October 06, 2009 08:34 am | Updated November 17, 2021 06:49 am IST - KABUL

Afghanistan edged closer to a long-awaited resolution to August’s presidential vote as election workers started recounting suspect ballots and an official said a ruling on whether President Hamid Karzai won or will face a runoff is likely next week.

The August 20 election was hampered by violence and allegations of vote-rigging that have since plunged the country into an electoral crisis while Taliban militants are expanding from their southern strongholds into the north and west.

Preliminary results released in September showed Mr. Karzai won the voting with 54.6 per cent, enough to avoid a runoff with second-place finisher Abdullah Abdullah, his former Foreign Minister. But the recount and audit ordered by a U.N.-backed fraud panel could cut Mr.
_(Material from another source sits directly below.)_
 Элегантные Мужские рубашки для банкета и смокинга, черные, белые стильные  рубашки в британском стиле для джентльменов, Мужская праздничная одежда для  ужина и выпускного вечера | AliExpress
Karzai’s votes below the 50 per cent threshold needed to win outright.

About 13 per cent of the country’s approximately 26,300 polling stations are considered questionable by the fraud panel because they had more than 100 per cent turnout or more than 95 per cent of votes for one candidate.
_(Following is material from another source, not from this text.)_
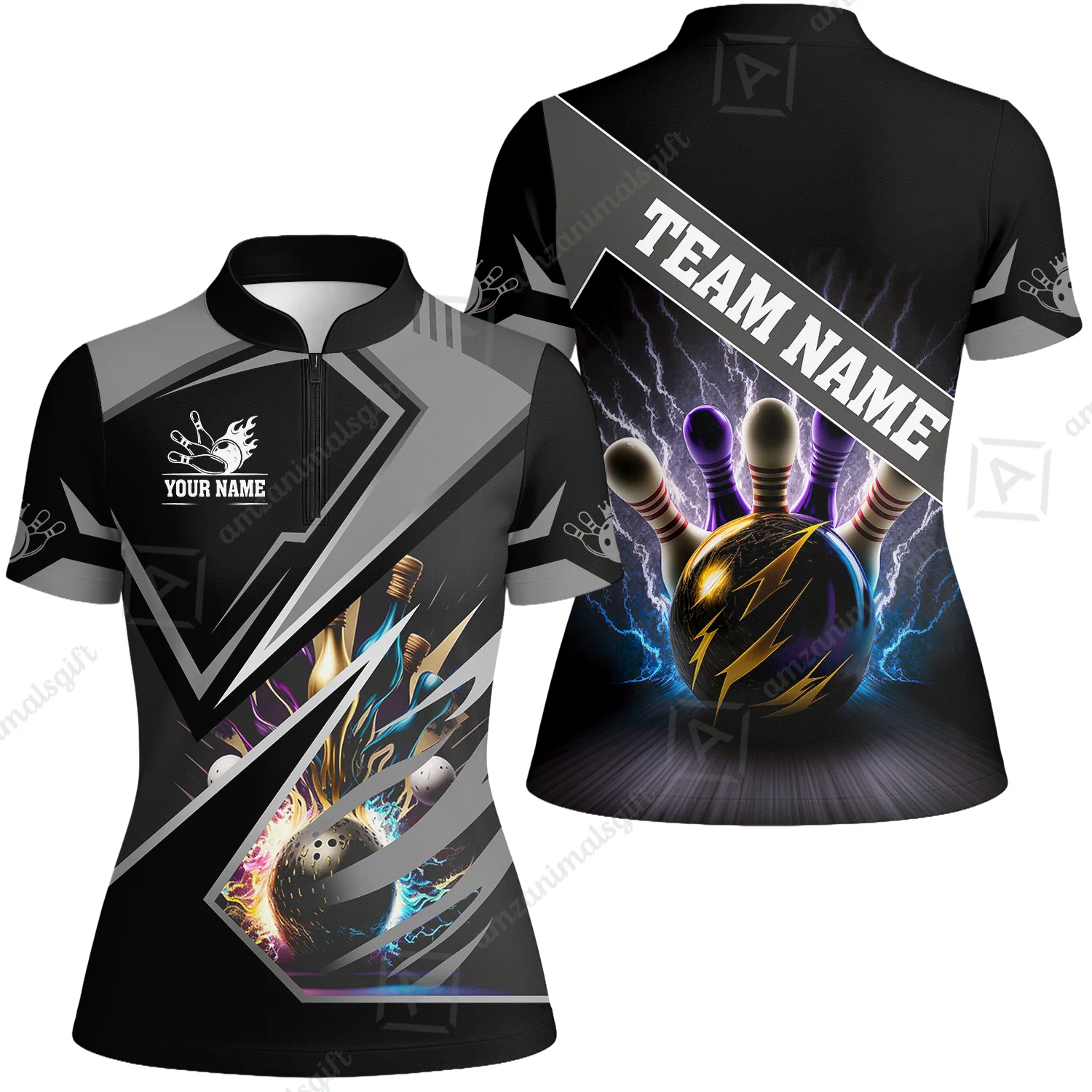 Customized Bowling Jersey Shirt, Bowling And Pins Premium Multicolor Option Customized Name And Team Zipper Polo Jerseys Shirts - Image 70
A sampling of 358 ballot boxes is being examined as a way to speed the investigative process. Counting all 3,498 suspect boxes could take months, potentially delaying a verdict on the vote until spring, which some fear would create a power vacuum at a critical time when attacks by a resurgent Taliban are growing. Winter snows that typically start in November make much of the country impassable for months.

Election workers started opening and investigating boxes on Monday, though they still have to wait for 84 of the boxes to arrive in the capital, according to the Deputy Director of the election commission, Zekria Barakzai.

If fraud is found in any of the 358 boxes, those votes will be thrown out, according to the election commission. Those results will then be used to decide what percentage of votes to void for each candidate in the 3,498 suspect polling stations.

The Deputy Director said the count should take about three days to complete and that the commission would be able to announce final results “by the end of next week.”

If a runoff is required, the official said it must be held within two to three weeks of the announcement of the results.

The fraud panel is also conducting separate investigations into specific allegations of fraud and has already voided ballots from dozens of polling stations in those examinations.

The former No. 2 official at the U.N. mission in Afghanistan, Peter Galbraith, said on Monday the United Nations “did not exercise its responsibility” in combating fraud.

Mr. Galbraith told ABC television that problems with the vote were preventable and accused the U.N. of not doing enough. Mr. Galbraith was fired from his post after an argument with his boss over how to handle fraud investigations.